In recent years I’ve come to know, that I was always creating a plan for my life, as I thought about what I wanted to do, which changed every now and then. I sometimes imagined myself married and a mother, or working in Manhattan at some exciting job. Maybe I would be an artist, maybe I would even teach art. Unbeknownst to me at the time, I was actually laying the groundwork and creating a blueprint that would carry me forward as I created my life’s course. Of course my parents steered me in the direction they thought that I should go, and with their wise teachings and constant goal setting, I went to university, attended graduate school and pursued professional goals that would lead me in the direction of my chosen career, which was education. My personal life was also fulfilled, as Ieventually met and married Chuck, the man of my dreams. Going from point A to point B may have seemed like sheer luck, but in actuality my subconscious and spirit were always leading me where I needed, and more importantly, wanted to go.
After my husband’s tragic illness and subsequent death, I began to re-examine my whole life. Not right away, but after some months when I was able, I began to wonder how I ended up in this place as a widow. I knew that although I have often labeled my husband’s diagnosis of pancreatic cancer as a random “act of violence”, I actually felt that there was a deeper meaning attached to that illness and the whole experience he and I shared. Oh, but then I do digress.
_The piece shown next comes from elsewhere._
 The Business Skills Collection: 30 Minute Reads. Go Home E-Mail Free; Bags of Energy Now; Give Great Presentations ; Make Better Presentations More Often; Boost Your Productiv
Many people experience unforeseeable events at some point in their lives, and these experiences are always life-changing. My situation is not so unique, but still carries the same devastation that comes with tragic loss. It is at these times, when our feet are being put to the fire, that we can decide to get burned or walk through the flames. These events are actually pivotal moments in our lives. When we’ve had some time to be able to digest everything and look back on the loss of a husband, wife, or other loved one, we can begin to understand that these are the moments that re-define our lives.
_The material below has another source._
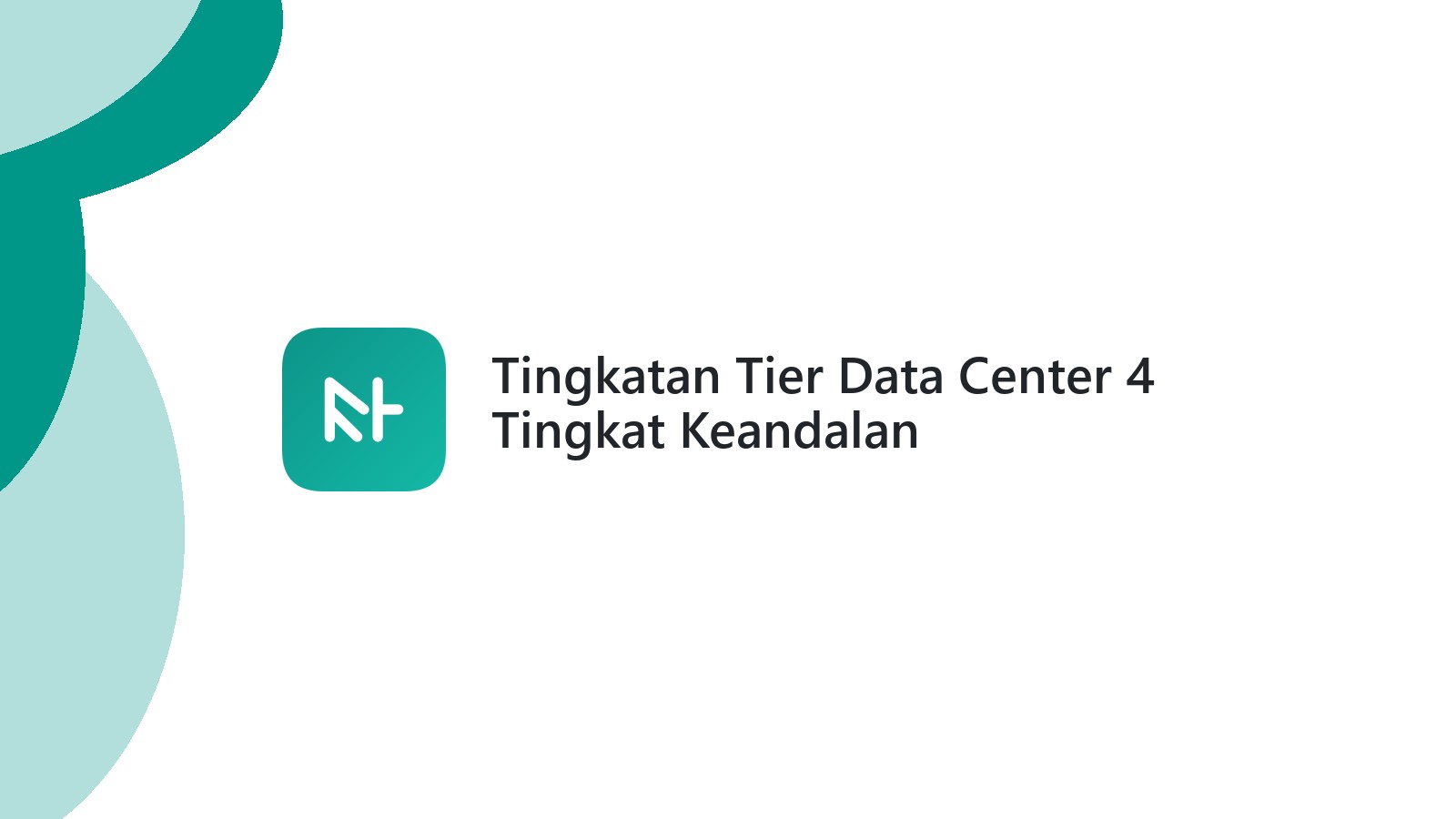 Tingkatan Tier Data Center 4 Tingkat Keandalan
In my own life, as I slowed down a bit, and the veil of grief slowly began to lift, I was able to see that the circumstances of my entire life were not just random. All that I’d experienced and been through in my lifetime had been Divinely engineered. Even as I veered off course, I still ended up here, a widow. I laid the foundation for my life by my early thoughts, intentions and actions. Now, it is in this place, at this present time, that I have found a life full of grace, hope, and love. Writing and assisting others,who have gone through what I have gone through, is not what I would’ve imagined myself doing when I was young and mulling over ideas of who I wanted to become. And, although my paternal grandmother had been a teacher, writer and a published author, I never expected to walk in her footsteps. It’s rather like being Dorothy in the Wizard of Oz, as clicking those ruby-red slippers sent Dorothy back home. After having experienced many challenges she discovered she’d always had the power, the wherewithal, to get back to from whence she’d come, after she had been transformed by her experiences out in the world..
Home is where we come from, and it is always where we’re heading.We are on our own path, creating it as we go. The losses in my life revised my earnest plans and led me on a different road to opening my heart to those who suffer and hold onto pain. I’m serving others in a way that has allowed me to find myself and my own way home.
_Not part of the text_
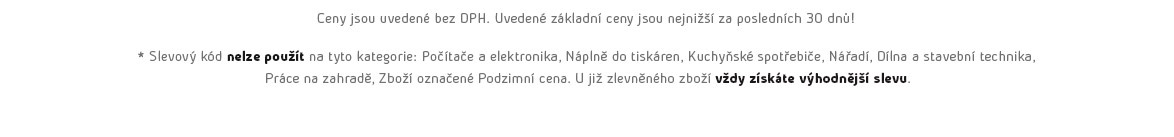Ceny jsou uvedené bez DPH. Uvedené základní ceny jsou nejnižší za posledních 30 dnů!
Whatever I thought my life would be like it actually has ended up exactly as I imagined, except for life’s travails along the way. But I now know, that even the unexpected were the moments where my life was about to take a turn and lead me toward my destiny. So it is here where I’ve always wanted to be and it is here where I will remain as I continue to follow my path on the road leading me back home, through life’s mysterious, magical wilderness, back to the the moon, the stars and the sun.